What is a good mash schedule? (Lots of different opinions on this seen here, hoping someone can advise me based on my particular wants/ methods)
I should use a higher water to grain ratio? (I already use 1 extra gal. just to get above false bottom)
Starter for dry yeast? If yes, ferment starter warm or cold?
Pitch cold or warm?
90 minute boil?
Raise temp to what in between primary ferment and lagering temps, and for how long?
 
For 5 gallons, pitch 2 packets of rehydrated dry yeast cold. Boil 90 minutes unless this
13287.jpg

is your idea of a great Boh Pils.:)
 
I am getting ready to brew my first pilsner and have many questions. Hoping to make a Chech style pilsner. I will be using Belgian pils malt, saflager 23, a freezer with temp control to ferment/ lager, and American Saaz hops 4.5%. Where I live in Maui, the water is mostly surface collected, and pretty soft. I also use a direct fire for strike, and a HERMS system to maintain/ increase temps.
What is a good mash schedule? (Lots of different opinions on this seen here, hoping someone can advise me based on my particular wants/ methods)
I should use a higher water to grain ratio? (I already use 1 extra gal. just to get above false bottom)
Starter for dry yeast? If yes, ferment starter warm or cold?
Pitch cold or warm?
90 minute boil?
Raise temp to what in between primary ferment and lagering temps, and for how long?

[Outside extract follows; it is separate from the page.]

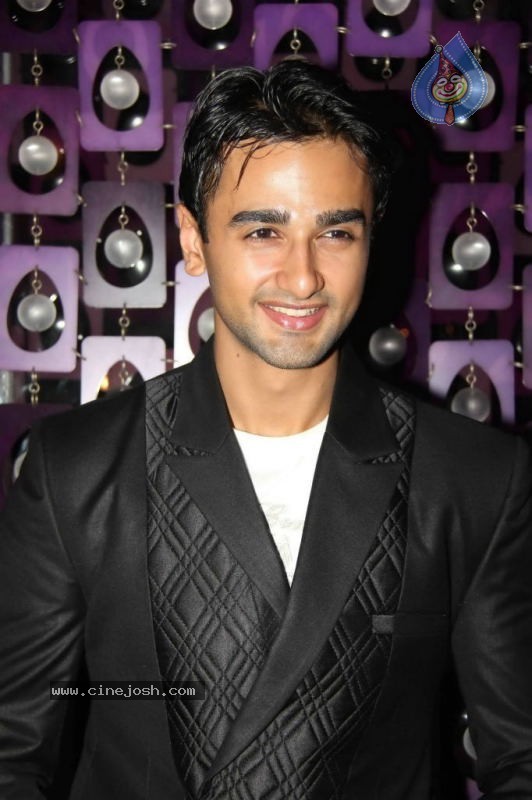 Ram Milaayi Jodi 100 Episodes Success Party - 7 / 42 photos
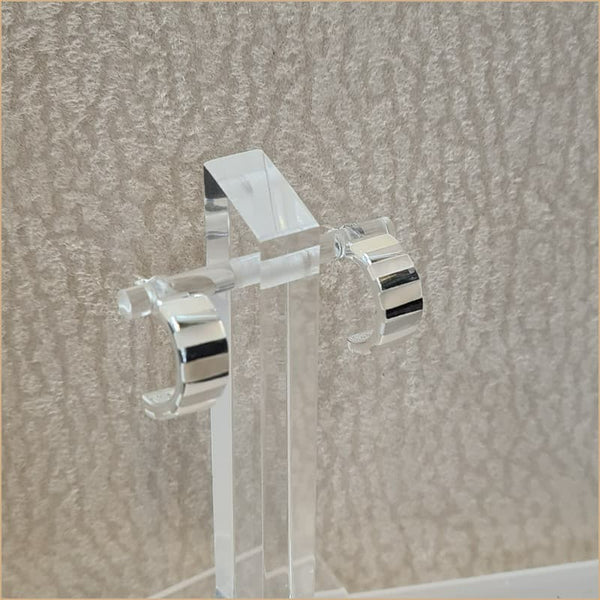 Boucles d’oreilles demi créoles en nacre blanche “EN1126.W”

See my czech pils reicipe in my drop down. I would skip the step mash I have listed and use the single infusion I have listed instead. I like 152 as a mash temp. But 150-152F is OK.

I use a 3L/KG water ratio. Not sure what that is in qts/lb. You can replace the NB for whatever bittering hops you prefer as long as you hit 40 IBU's in total.

I'm brewing this beer this weekend.
 
I am kegging a batch that sounds pretty much exactly what you are making this Saturday.

I did mash in at 145, and bumped it up to 149 after thirty, for 45 more minutes.

For my last few batches, all lagers, I have been taking two cups of chilled (70*F) wort from the keggle, and swirling in two packs of S-23. I let it sit for a few minutes, then add it to the better bottle as I am racking over the rest of the (vigorously aerated) wort.

I stick the BB into my homemade foam board "cooler", along with 2 frozen two liter bottles of water. By the next morning, I have a nice krausen and serious bubbling. After about 12 days at 50*F, I pull the BB out for a nice four day D rest, then back in the cooler for a few days of crash cooling before kegging and lagering in the kegerator.

:rockin:
 
I am getting ready to brew my first pilsner and have many questions. Hoping to make a Chech style pilsner. I will be using Belgian pils malt, saflager 23, a freezer with temp control to ferment/ lager, and American Saaz hops 4.5%. Where I live in Maui, the water is mostly surface collected, and pretty soft. I also use a direct fire for strike, and a HERMS system to maintain/ increase temps.
What is a good mash schedule? (Lots of different opinions on this seen here, hoping someone can advise me based on my particular wants/ methods)
I should use a higher water to grain ratio? (I already use 1 extra gal. just to get above false bottom)
Starter for dry yeast? If yes, ferment starter warm or cold?
Pitch cold or warm?
90 minute boil?
Raise temp to what in between primary ferment and lagering temps, and for how long?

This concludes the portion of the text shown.